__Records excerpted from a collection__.
******************************

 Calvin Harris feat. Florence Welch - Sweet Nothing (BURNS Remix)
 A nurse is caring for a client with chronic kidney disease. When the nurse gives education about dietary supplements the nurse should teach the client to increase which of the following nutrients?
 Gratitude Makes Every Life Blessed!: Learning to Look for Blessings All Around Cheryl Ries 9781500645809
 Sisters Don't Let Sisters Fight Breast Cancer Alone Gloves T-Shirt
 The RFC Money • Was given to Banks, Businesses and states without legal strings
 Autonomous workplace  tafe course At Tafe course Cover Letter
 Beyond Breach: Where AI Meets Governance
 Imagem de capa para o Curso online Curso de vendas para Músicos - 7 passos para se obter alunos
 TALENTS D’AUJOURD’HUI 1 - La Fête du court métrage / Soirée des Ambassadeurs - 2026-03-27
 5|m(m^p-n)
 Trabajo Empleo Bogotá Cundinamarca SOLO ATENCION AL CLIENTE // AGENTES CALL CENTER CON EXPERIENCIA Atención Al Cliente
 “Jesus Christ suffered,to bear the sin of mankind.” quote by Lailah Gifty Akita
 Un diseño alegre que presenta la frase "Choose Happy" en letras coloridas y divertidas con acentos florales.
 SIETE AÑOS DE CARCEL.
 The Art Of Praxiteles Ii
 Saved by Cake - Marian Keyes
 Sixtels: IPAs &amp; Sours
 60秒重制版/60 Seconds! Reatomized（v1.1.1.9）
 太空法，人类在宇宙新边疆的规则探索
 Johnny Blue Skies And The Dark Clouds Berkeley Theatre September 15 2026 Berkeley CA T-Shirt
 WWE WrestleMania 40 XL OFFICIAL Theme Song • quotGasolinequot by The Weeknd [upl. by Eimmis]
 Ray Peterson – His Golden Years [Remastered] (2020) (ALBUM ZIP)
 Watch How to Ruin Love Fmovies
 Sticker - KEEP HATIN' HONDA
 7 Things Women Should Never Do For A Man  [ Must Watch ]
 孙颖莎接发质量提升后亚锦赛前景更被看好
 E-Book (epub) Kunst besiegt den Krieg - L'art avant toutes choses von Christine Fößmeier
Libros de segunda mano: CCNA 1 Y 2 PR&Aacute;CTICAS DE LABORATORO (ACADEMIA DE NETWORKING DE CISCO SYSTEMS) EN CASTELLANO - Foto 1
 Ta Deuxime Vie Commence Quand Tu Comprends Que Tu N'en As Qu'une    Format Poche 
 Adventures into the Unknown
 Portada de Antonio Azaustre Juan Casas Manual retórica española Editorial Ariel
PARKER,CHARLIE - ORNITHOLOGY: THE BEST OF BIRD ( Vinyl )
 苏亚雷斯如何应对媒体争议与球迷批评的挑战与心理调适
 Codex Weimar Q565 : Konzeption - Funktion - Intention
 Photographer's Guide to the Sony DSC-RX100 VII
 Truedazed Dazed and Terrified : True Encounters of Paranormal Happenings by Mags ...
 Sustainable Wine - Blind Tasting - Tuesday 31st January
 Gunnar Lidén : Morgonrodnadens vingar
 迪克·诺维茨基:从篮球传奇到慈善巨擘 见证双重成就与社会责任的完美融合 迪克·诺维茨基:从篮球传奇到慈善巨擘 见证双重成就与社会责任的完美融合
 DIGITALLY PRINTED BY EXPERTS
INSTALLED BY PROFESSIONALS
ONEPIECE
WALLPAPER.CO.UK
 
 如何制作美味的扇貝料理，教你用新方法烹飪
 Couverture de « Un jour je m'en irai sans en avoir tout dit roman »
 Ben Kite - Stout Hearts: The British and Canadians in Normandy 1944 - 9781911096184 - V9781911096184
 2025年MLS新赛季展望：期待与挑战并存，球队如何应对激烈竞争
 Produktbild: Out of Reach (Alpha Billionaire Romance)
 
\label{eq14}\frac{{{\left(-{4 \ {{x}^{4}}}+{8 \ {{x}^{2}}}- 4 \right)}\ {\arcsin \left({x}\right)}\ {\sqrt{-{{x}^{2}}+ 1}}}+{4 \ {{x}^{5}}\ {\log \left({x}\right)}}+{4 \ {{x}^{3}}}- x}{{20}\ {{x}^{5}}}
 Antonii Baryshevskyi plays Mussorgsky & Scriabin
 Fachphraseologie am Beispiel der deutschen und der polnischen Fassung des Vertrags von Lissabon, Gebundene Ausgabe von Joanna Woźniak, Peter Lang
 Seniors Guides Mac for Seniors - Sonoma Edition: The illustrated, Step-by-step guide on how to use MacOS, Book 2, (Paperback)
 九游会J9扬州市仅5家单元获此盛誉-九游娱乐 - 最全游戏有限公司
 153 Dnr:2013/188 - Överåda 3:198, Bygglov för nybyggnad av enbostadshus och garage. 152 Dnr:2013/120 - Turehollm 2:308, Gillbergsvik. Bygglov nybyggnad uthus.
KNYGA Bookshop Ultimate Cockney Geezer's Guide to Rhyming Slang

******************************

__WHAT IS NEEDED__.
Reproduce all lines from the records above that include the word "Shirt".

__OUTPUT FOR THIS EXERCISE__.
 Sisters Don't Let Sisters Fight Breast Cancer Alone Gloves T-Shirt
 Johnny Blue Skies And The Dark Clouds Berkeley Theatre September 15 2026 Berkeley CA T-Shirt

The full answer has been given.